- 4 peppers, cut into small dice
- 1 onion, finely chopped
- 360g canned whole peeled tomatoes
- 1 tbsp of tomato concentrate
- 3 courgette, thinly sliced
- 2 aubergine, thinly sliced
- 1 leek, use only the white part and thinly sliced
- 2 potatoes, thinly sliced
- extra virgin olive oil, as needed
- parsley leaves, finely chopped as needed
- basil leaves for garnish
- salt and pepper
Heat a frying pan over medium heat and drizzle with extra virgin olive oil: Sauté the diced peppers and chopped onion. Add the whole peeled tomatoes and the tomato concentrate. Cook for another 10 minutes until the peppers are soft and the vegetable juice is thick.
Transfer the sautéed vegetables to a tall, narrow container and puree with a stick blender until smooth and creamy.
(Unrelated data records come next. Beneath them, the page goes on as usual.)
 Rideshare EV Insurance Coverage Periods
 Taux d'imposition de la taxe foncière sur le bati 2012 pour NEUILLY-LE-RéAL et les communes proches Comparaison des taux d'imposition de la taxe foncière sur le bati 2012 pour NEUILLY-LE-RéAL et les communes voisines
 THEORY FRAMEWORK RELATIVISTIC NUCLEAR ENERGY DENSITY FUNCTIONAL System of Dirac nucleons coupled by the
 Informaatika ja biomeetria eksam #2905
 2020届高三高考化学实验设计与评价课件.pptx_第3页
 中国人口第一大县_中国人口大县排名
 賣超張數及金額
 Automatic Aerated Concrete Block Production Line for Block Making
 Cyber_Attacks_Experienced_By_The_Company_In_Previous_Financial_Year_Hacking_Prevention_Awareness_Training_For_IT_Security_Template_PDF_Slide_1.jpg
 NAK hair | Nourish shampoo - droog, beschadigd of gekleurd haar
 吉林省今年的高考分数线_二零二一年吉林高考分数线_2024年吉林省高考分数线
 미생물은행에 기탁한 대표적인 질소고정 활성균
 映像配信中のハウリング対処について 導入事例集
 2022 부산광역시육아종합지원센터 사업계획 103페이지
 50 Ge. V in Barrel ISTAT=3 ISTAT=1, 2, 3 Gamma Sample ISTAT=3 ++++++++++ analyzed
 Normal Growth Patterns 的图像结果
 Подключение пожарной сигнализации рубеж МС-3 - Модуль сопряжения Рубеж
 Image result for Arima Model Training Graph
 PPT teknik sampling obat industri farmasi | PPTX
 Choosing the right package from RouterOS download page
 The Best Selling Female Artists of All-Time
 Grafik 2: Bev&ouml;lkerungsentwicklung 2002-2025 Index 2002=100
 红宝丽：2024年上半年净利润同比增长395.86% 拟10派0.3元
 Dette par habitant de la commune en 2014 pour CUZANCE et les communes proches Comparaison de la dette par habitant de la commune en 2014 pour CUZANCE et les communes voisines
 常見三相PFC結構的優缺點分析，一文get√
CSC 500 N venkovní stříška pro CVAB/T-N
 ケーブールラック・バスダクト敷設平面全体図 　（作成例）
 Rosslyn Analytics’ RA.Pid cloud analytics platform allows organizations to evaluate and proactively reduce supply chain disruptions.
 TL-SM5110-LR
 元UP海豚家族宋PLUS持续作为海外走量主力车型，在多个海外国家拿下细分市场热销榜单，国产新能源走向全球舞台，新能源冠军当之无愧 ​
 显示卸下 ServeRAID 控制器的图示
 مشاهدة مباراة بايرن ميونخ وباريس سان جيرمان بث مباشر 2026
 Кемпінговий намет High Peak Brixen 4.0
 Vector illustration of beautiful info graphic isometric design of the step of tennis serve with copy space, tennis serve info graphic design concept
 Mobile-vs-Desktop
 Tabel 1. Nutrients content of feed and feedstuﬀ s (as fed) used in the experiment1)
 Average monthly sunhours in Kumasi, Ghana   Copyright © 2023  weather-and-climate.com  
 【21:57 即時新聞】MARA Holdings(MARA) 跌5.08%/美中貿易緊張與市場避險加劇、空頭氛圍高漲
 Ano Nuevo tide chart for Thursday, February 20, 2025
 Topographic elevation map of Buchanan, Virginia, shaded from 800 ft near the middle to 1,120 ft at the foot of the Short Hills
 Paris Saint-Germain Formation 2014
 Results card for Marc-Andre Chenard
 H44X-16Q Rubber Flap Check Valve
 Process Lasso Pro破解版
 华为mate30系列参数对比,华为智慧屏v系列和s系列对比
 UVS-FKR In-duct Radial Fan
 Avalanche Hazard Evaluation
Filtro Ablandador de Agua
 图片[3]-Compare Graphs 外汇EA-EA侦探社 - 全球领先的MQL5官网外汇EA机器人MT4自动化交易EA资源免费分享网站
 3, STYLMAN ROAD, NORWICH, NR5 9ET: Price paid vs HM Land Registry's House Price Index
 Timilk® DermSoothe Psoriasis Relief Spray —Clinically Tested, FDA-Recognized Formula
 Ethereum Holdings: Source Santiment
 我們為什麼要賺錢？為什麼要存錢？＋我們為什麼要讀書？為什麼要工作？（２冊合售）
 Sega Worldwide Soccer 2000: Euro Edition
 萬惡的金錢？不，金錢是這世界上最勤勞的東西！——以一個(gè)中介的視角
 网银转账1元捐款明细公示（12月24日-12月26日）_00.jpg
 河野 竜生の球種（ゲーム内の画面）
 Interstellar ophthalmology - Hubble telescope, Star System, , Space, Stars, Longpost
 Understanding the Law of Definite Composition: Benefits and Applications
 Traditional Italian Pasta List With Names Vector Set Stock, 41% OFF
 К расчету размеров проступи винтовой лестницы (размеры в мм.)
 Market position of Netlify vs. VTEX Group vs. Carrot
Preheat the oven to 170C. Grease an ovenproof dish with extra virgin olive oil. Pour the pepper and tomato cream into the ovenproof dish in a single layer, alternating with the thinly sliced vegetables. Season the vegetables on each layer with salt, pepper, a generous drizzle of extra virgin olive oil and finely chopped parsley.
Cover the ovenproof dish with baking paper and poke small holes in the top to allow steam to escape. Bake for about 50 minutes.
Remove the baking paper and switch the oven to grill mode. Grill the top of the baked ratatouille for a few more minutes until golden brown.